Retype only what runs from the first line of the records to the line with "Artist Handmade Grunge", inclusive, and no pictures.

TASK INPUTS =>

○ ○ ○

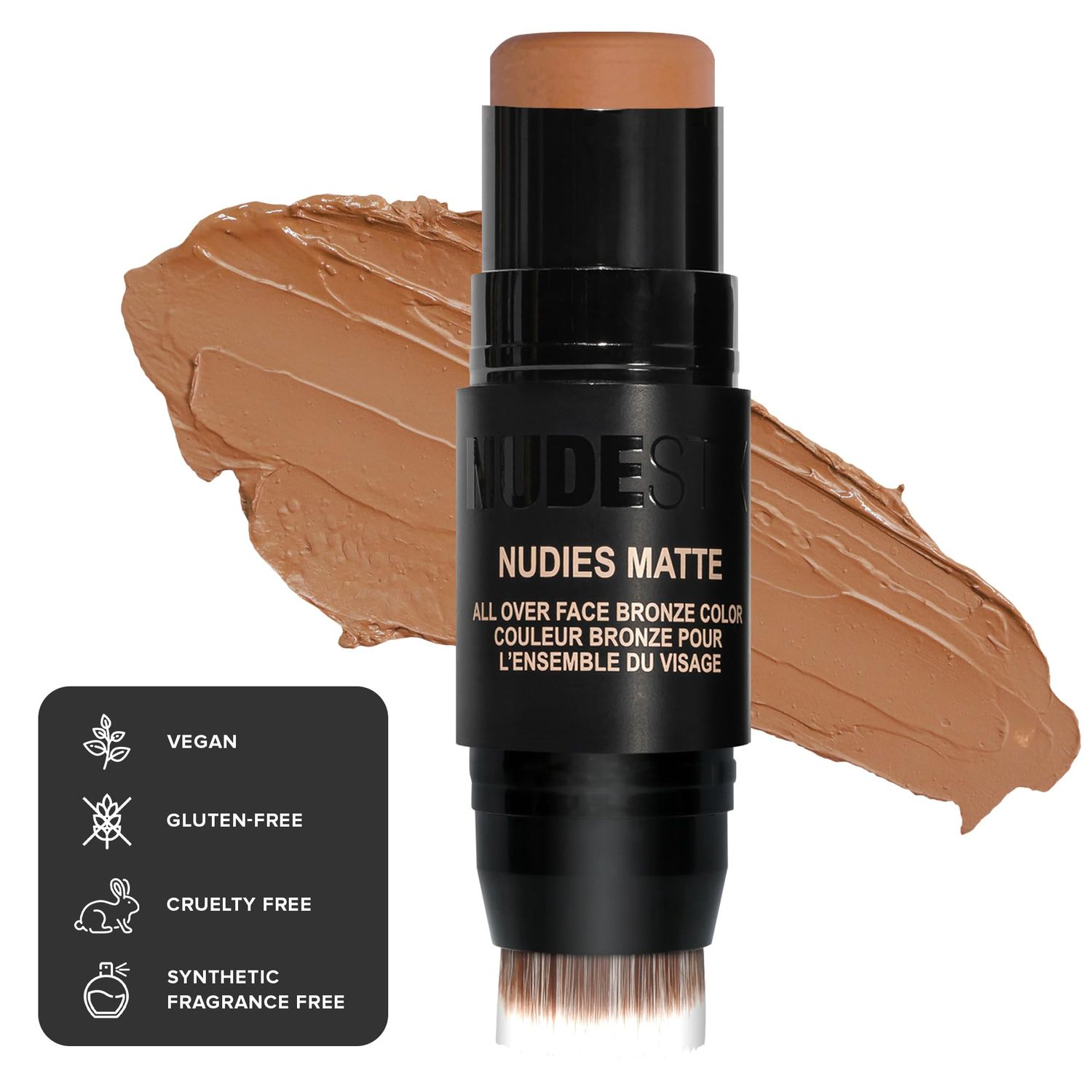 Nudestix Nudies Matte Cream Bronzer 3-in-1 All Over Face Colour for Face, Eyes, and Lips w/Blending Brush (Bondi Bae)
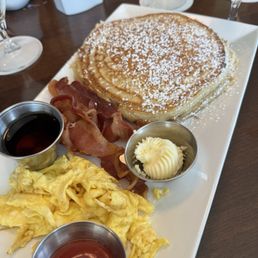 Pancakes + bacon + eggs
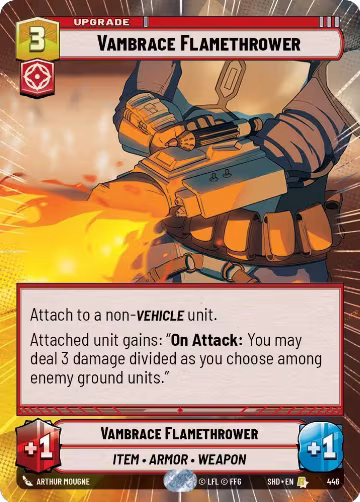 Vambrace Flamethrower (Hyperspace) (446), Shadows of the Galaxy — Star Wars card price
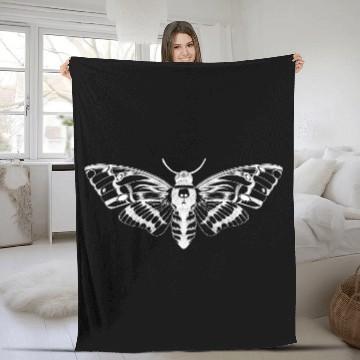 Discover Death’s Head Hawk Moth Fleece Blankets
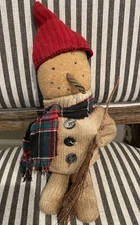 PRIMITIVE  Artist Handmade Grunge CHRISTMAS SNOWMAN Old Sock Doll 12” OOAK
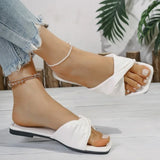 2026 Summer New Fashion Open Toe Solid Color Simple Leather Surface Versatile r Large Slippers Square Heel Shoes Women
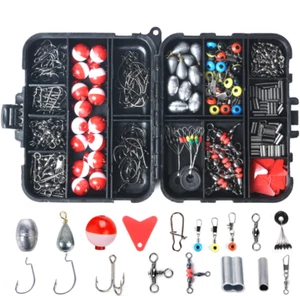 263PC Fishing Accessories Kit Set Including Jig Hooks Swivels Snap Sinker Slider - Picture 1 of 4
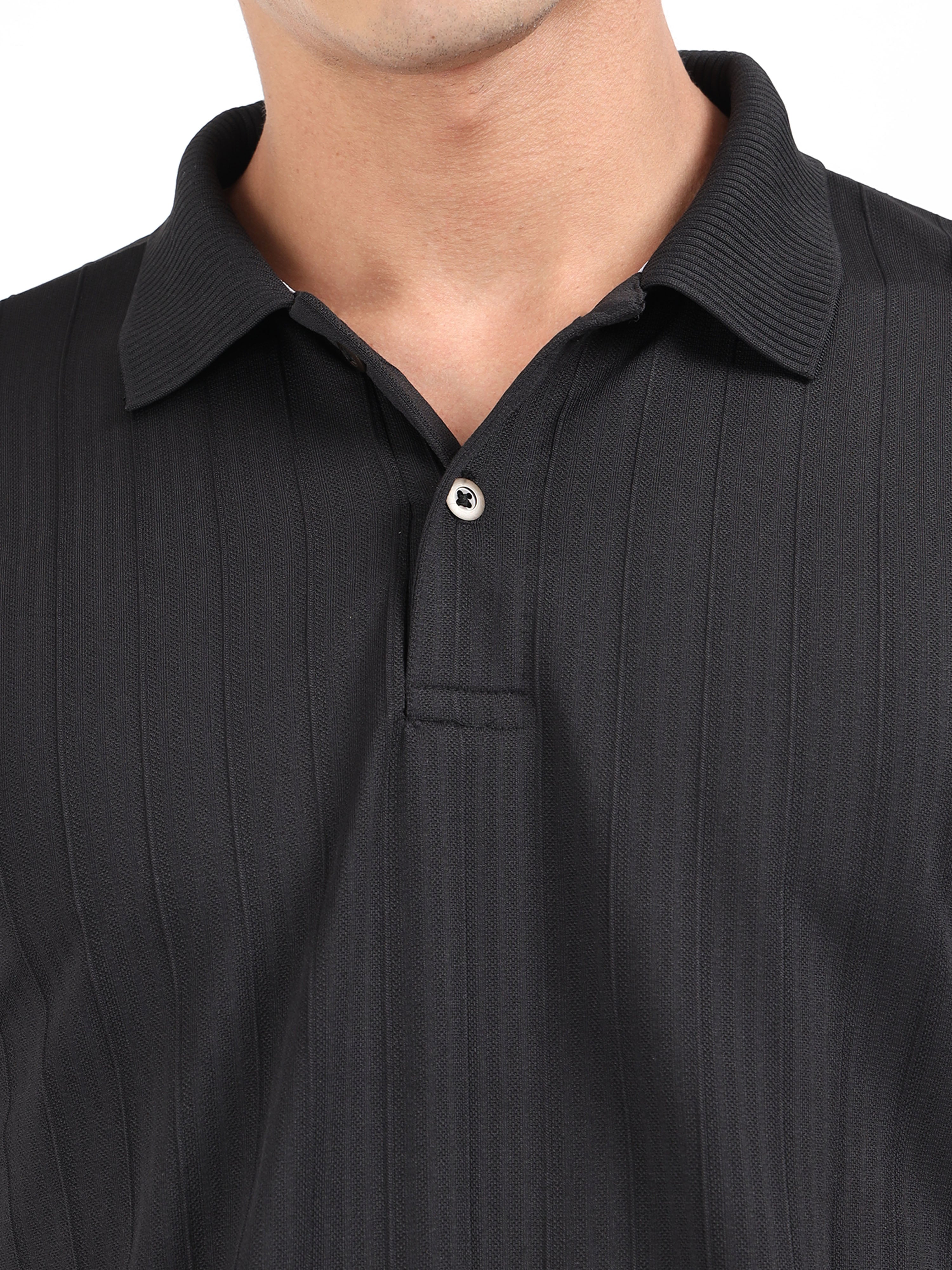 Black Korean Polo T-Shirt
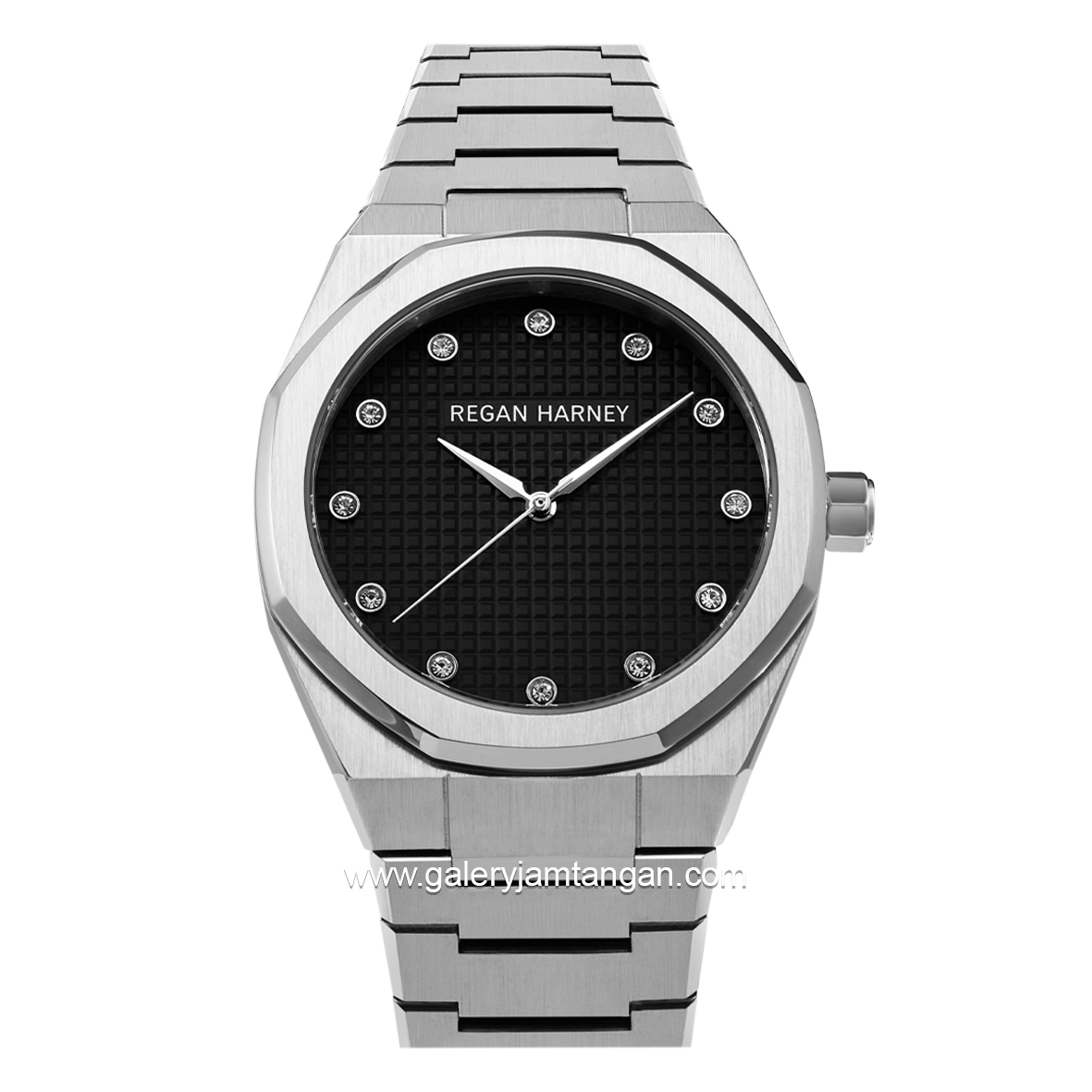 REGAN HARNEY MOISSANITE REGAL RH010-01 Silver Dial Black Stainless Steel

○ ○ ○

OUTPUT =>
 Nudestix Nudies Matte Cream Bronzer 3-in-1 All Over Face Colour for Face, Eyes, and Lips w/Blending Brush (Bondi Bae)
 Pancakes + bacon + eggs
 Vambrace Flamethrower (Hyperspace) (446), Shadows of the Galaxy — Star Wars card price
 Discover Death’s Head Hawk Moth Fleece Blankets
 PRIMITIVE  Artist Handmade Grunge CHRISTMAS SNOWMAN Old Sock Doll 12” OOAK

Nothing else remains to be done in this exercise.